We had happened to return on the Queen's official birthday, and watched a fair bit of the ceremony of Trooping the Colors.
We did some walking (as is our habit), and got tickets for the tour of the House of Parliament.
It used to be that it was quite hard to get tours - you needed reservations that were hard to get for non-citizens, but in recent years they have discovered that tourists will pay to see the place. The tour was excellent, and we learned a good deal about the functioning of British government, as well as seeing a spectacular building.
We had outstanding salt beef sandwiches for lunch, and then walked up to the park and sat in the sun while we polished off the last of our clotted cream fudge.
We met some friends who were in London on the their first trip and introduced them to a couple of our favorite restaurants, and strolled around the city. Some of the things on their must see list we had seen on our own first trip, now over a decade in the past, so we arranged some joint activities.

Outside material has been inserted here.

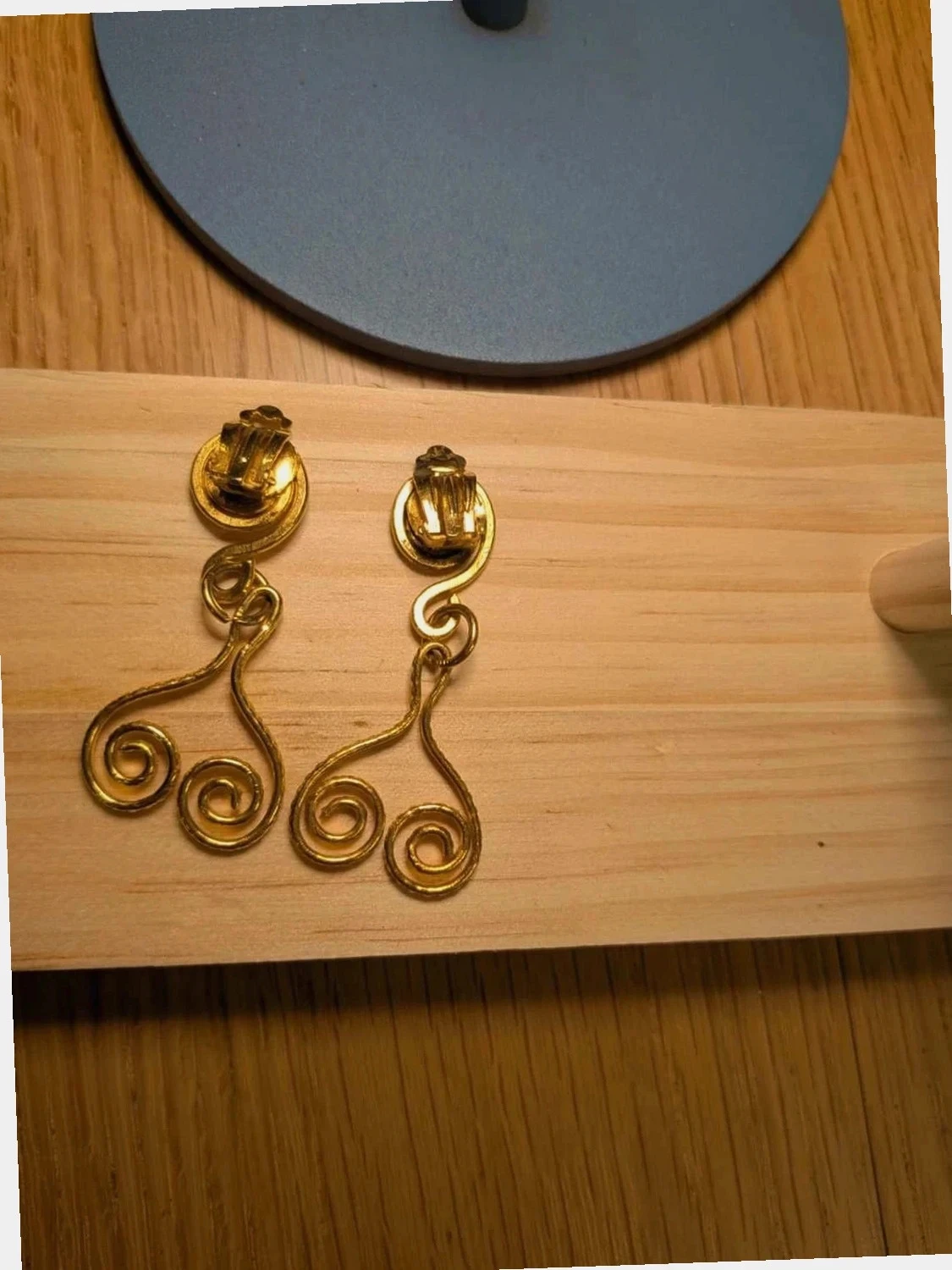Boucles d'oreilles vintage en plaqué or + écrin – photo 5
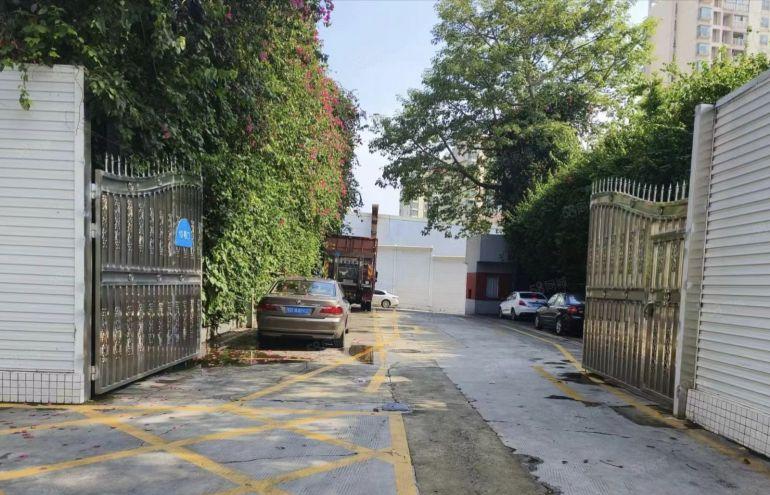 松岗罗田社区新空出独门独院1到3层3000平方，带红本厂房！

We went to see the Tower of London again, and were interested to see a number of new exhibits.
And we went to a play- another traditional London activity that we had never done before- we went to see Agatha Christie's The Mousetrap, which was doubly interesting for us as we'd read about the writing of it when we visited Greenway earlier in the trip. It was quite enjoyable.
We took in a new exhibit at the Museum of Science on Alan Turing- of interest to us both because of his pioneering work in computing, and his work at Bletchley Park breaking German codes during World War II. His brutally unfair treatment by the British government and early death were a tragedy for science as well as for him personally- the work he might have done had he lived another 20 or 30 years could have advanced computing by decades.
We attended a gallery talk on Roman religious practices at the British museum- and reflected not for the first time how interesting it would be if we could get there more often. We walked up to King's Cross station for a more detailed look at the new station and the construction in the area stimulated by the Olympic renovations to the transit system and the new Crosslink rail lines going in now.
Our last day we made another repeat visit to a museum we'd seen on our first trip, this one to Sir John Soane's house. We arrived early and managed to secure places on their very popular docent tour. Soane was a fashionable architect in late 18th and early 19th century London. We had previously marveled at his eclectic collections, but were interested to find out on the tour that they were not simply a case of pack-rattery gone amuck, but rather that Soane used his house to test out architectural ideas, and that his collections of stonework were intended as teaching tools for the apprentices under his tutelage. A truly excellent tour, I highly recommend it.
We finished out the trip in what has become our habitual fashion, by shopping for books at Hatcherd's and artisanal English cheeses at Neal's Yard Dairy. More places we would go more often if we were in London more frequently.
All in all a fabulous trip, and due to its unprecedented length, one that felt more relaxed, despite the typically extensive ground we covered. I'm already looking forward to the next one!